◆ ABOUT THIS EXERCISE ◆
Once the images are set aside, print the remaining lines below exactly.

◆ PROVIDED DATA ◆
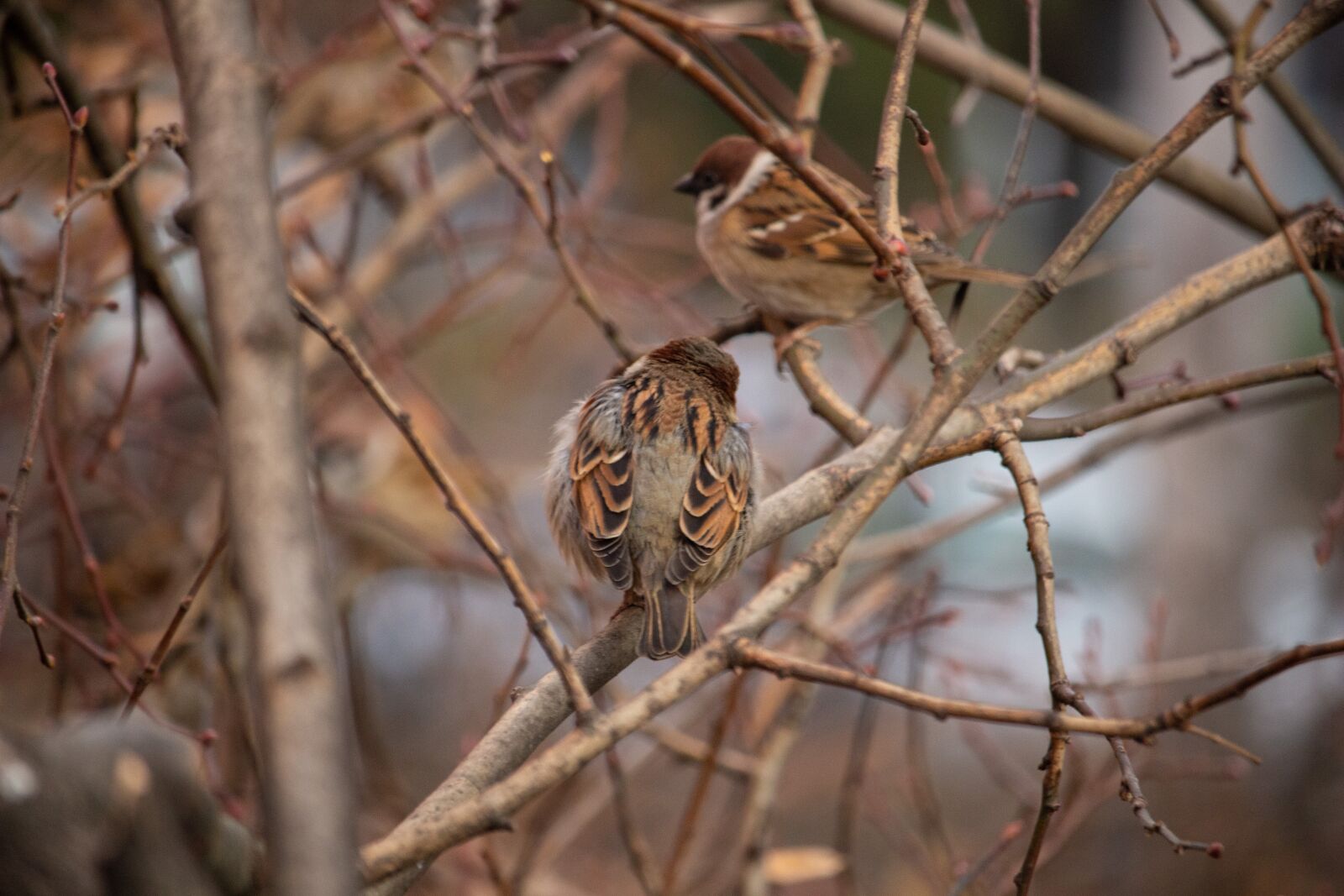 Canon EOS 100D (EOS Rebel SL1 / EOS Kiss X7) sample photo. Sparrow, bird, nature photography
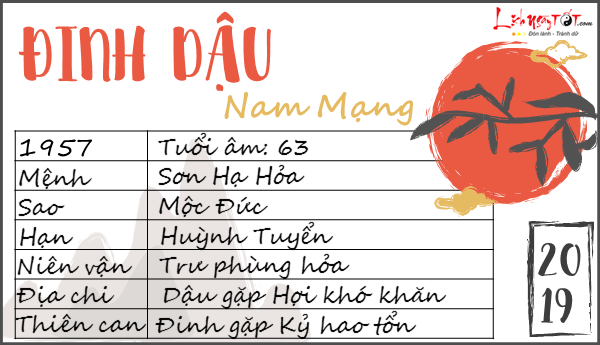 Tu vi 2019 tuoi Dinh Dau nam mang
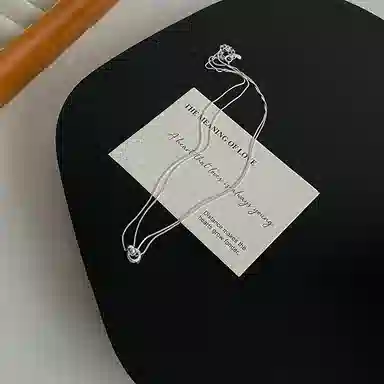 ins S925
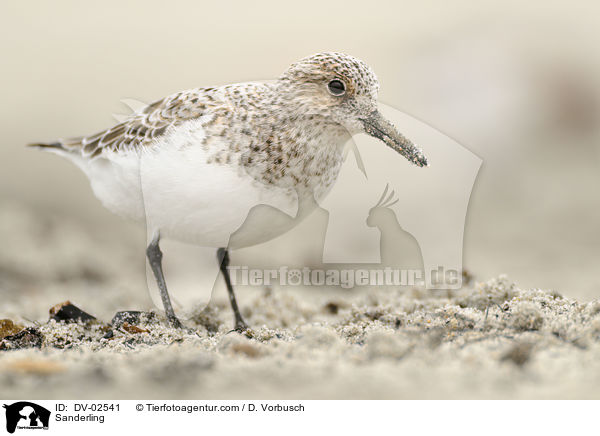 Sanderling / Sanderling / DV-02541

◆ RESPONSE TO THIS TASK ◆
 Canon EOS 100D (EOS Rebel SL1 / EOS Kiss X7) sample photo. Sparrow, bird, nature photography
 Tu vi 2019 tuoi Dinh Dau nam mang
 ins S925
 Sanderling / Sanderling / DV-02541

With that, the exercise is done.